Synopses & Reviews
Long before lucrative tribal casinos sparked controversy, Native Americans amassed other wealth that provoked intense debate about the desirability, morality, and compatibility of Indian and non-Indian economic practices. Blending social, cultural, and economic history, Alexandra Harmon examines seven such instances of Indian affluence and the dilemmas they presented both for Native Americans and for Euro-Americans--dilemmas rooted in the colonial origins of the modern American economy. Harmon's study not only compels us to look beyond stereotypes of greedy whites and poor Indians, but also convincingly demonstrates that Indians deserve a prominent place in American economic history and in the history of American ideas through the twentieth century.
Review
"Harmon offers an original overview of Indian-white relations in the United States by tracing Euro-American attitudes towards Indian economic activity and Indian wealth from seventeenth-century Virginia to the modern age. An original, wide-ranging, well-written, and well-argued work."--Frederick Hoxie, author of A Final Promise: The Campaign to Assimilate the American Indians, 1880-1920
Review
"This bold and provocative book is an outstanding work of scholarship. It reveals the complicated and often paradoxical history of American ideas about the morality of wealth accumulation and Indians' efforts to compete in the capitalist marketplace on the same terms as their non-Indian counterparts.

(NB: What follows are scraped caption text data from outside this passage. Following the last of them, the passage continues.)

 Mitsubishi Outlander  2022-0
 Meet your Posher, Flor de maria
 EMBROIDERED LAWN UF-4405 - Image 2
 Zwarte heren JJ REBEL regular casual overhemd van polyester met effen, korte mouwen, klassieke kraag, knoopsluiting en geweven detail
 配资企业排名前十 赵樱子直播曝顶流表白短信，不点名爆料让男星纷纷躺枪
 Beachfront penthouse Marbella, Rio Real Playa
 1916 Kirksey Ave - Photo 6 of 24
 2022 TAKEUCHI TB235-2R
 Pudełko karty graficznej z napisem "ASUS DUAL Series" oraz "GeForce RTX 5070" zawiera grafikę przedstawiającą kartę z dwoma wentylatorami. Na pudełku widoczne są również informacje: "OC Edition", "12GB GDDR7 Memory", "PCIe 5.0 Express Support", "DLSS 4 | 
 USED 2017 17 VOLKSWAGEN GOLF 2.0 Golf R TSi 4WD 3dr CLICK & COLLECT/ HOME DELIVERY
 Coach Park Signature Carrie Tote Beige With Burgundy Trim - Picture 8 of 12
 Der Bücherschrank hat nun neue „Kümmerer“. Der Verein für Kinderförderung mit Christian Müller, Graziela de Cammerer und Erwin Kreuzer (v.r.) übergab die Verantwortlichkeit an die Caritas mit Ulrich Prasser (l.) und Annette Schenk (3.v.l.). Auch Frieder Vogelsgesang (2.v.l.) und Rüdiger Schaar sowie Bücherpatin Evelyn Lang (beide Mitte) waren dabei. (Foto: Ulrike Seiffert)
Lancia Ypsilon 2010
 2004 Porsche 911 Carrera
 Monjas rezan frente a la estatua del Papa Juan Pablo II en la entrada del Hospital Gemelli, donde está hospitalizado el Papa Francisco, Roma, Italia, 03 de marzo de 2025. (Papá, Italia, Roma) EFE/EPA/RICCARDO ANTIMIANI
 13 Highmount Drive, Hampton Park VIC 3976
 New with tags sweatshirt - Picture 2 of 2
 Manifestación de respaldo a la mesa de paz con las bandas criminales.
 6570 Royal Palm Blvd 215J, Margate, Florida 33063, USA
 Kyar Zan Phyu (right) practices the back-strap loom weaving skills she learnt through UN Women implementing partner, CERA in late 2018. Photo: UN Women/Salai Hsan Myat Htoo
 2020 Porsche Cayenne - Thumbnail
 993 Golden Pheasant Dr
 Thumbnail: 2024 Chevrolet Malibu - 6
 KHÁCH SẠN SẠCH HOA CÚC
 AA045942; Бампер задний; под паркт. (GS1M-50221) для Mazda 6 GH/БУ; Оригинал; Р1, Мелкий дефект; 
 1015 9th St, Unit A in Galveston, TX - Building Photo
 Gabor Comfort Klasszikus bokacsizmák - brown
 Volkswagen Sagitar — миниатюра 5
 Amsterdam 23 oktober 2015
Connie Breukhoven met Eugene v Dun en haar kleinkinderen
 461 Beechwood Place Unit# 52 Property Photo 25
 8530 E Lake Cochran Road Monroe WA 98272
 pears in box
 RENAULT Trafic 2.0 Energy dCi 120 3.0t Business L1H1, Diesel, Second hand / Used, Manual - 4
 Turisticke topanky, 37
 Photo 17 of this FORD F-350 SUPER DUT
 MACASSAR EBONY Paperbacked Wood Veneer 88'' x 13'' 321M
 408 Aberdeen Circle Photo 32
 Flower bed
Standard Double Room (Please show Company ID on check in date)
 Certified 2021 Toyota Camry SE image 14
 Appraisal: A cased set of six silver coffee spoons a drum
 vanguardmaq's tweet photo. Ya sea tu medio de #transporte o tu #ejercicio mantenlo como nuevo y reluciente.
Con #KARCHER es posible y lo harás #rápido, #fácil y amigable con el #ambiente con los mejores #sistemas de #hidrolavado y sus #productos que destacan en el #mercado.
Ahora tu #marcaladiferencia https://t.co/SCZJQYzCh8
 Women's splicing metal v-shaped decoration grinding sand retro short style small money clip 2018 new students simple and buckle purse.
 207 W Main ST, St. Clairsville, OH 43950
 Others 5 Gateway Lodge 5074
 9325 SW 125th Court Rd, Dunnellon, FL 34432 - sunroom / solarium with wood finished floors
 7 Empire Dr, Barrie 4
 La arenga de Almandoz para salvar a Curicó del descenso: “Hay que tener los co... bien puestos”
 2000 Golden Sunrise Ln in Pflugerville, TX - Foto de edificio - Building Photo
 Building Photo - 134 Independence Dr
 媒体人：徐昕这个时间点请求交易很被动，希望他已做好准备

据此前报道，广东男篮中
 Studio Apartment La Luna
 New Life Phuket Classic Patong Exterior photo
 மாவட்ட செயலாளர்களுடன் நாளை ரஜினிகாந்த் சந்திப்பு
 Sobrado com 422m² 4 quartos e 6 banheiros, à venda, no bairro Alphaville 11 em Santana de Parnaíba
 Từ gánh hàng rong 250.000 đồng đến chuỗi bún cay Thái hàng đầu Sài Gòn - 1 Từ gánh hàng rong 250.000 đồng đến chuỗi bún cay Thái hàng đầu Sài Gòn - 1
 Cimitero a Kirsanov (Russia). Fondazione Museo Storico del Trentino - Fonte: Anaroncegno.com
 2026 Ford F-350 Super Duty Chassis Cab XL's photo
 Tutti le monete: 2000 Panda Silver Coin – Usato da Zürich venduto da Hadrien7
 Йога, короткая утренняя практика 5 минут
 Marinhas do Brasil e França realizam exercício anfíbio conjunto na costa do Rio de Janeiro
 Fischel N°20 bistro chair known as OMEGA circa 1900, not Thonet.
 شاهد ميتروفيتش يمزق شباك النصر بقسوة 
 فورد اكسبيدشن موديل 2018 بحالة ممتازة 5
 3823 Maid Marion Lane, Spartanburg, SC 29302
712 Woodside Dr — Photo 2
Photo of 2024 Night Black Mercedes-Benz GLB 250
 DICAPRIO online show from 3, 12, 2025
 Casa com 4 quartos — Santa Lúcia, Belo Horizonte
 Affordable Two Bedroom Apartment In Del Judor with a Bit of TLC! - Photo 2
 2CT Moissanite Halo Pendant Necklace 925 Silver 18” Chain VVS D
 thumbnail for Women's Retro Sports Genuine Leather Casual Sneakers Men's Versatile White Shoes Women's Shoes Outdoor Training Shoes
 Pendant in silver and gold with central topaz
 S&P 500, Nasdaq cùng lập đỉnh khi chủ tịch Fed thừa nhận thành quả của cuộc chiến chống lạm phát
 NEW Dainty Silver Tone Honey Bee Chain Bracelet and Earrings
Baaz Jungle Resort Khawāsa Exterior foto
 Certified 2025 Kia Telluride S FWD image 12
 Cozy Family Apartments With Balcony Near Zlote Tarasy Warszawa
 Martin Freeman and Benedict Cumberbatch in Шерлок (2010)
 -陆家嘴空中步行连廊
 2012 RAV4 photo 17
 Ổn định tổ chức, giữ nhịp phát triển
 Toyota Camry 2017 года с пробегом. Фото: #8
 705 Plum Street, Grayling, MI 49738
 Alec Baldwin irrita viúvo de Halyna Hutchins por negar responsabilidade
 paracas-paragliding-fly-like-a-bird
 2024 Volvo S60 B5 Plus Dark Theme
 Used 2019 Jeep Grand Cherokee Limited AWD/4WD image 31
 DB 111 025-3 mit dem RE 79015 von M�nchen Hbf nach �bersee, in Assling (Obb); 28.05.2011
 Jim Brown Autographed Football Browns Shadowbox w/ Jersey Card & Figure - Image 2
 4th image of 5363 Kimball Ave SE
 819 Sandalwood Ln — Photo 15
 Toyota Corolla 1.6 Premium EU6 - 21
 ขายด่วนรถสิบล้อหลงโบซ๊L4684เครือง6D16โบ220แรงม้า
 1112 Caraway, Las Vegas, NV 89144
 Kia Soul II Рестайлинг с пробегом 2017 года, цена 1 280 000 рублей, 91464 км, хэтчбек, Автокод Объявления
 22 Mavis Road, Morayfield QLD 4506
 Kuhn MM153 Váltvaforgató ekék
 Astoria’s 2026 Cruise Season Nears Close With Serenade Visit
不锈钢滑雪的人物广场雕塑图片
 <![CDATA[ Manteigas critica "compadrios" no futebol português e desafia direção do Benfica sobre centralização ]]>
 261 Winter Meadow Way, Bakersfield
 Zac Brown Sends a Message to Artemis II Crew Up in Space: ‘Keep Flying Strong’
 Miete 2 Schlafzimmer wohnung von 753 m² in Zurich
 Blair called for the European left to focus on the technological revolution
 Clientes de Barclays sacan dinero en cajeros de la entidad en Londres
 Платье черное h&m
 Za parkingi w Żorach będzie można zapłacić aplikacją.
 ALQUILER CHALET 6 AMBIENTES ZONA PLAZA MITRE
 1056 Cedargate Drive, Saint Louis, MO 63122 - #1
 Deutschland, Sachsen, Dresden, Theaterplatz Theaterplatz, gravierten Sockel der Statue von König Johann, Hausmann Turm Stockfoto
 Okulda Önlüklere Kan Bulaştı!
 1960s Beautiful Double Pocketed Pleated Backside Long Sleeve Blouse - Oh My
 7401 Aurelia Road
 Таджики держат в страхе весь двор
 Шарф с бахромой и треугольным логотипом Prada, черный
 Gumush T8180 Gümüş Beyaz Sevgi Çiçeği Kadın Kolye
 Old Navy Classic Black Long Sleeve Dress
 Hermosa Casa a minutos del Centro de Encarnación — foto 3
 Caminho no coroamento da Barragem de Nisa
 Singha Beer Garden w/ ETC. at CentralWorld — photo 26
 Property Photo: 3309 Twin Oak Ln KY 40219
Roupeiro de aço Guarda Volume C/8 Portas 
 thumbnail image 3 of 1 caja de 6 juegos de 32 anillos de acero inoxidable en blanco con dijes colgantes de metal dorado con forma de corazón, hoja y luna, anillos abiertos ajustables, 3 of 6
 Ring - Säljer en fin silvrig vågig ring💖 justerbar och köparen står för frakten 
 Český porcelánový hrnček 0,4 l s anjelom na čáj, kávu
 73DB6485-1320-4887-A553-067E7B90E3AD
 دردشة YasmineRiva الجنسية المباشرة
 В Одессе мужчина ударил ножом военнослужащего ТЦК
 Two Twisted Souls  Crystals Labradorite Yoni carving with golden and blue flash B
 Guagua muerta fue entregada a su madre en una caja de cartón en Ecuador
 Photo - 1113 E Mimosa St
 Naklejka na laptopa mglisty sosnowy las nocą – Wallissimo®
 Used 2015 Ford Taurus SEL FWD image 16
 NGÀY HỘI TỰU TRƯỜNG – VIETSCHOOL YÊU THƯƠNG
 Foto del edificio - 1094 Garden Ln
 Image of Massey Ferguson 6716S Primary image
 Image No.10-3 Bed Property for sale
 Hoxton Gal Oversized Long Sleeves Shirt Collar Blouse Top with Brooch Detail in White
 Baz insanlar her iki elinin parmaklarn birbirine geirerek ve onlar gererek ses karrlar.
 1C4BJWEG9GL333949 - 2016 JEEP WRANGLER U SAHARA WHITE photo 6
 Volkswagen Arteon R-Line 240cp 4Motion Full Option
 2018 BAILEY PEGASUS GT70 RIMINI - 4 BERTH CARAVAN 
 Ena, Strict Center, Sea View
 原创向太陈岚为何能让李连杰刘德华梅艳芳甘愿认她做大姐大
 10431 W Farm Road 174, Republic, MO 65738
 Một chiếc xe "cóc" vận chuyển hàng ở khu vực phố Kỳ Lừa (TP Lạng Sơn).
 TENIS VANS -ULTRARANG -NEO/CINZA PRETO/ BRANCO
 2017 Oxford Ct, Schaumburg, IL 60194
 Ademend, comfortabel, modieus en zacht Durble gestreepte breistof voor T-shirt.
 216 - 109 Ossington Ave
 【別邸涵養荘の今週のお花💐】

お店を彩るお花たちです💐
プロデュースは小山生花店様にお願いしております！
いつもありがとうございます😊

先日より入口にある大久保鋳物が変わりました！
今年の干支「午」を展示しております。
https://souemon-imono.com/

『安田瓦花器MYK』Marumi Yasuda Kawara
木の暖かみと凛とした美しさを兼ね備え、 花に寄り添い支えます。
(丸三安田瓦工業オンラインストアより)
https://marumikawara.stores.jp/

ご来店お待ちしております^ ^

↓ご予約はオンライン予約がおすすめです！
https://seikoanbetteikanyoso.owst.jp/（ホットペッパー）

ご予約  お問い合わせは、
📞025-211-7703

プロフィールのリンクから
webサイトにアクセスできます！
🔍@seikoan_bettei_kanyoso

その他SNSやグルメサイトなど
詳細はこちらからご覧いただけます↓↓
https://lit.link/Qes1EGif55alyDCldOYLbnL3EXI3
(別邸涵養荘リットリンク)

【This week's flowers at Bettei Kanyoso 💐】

Harmon is a trailblazer in the field of American Indian economic history."--Colleen O'Neill, author of Working the Navajo Way: Labor and Culture in the Twentieth Century
About the Author
Alexandra Harmon is associate professor of American Indian studies at the University of Washington. She is editor of The Power of Promises: Perspectives on Northwest Indian Treaties and author of Indians in the Making: Ethnic Relations and Indian Identities around Puget Sound.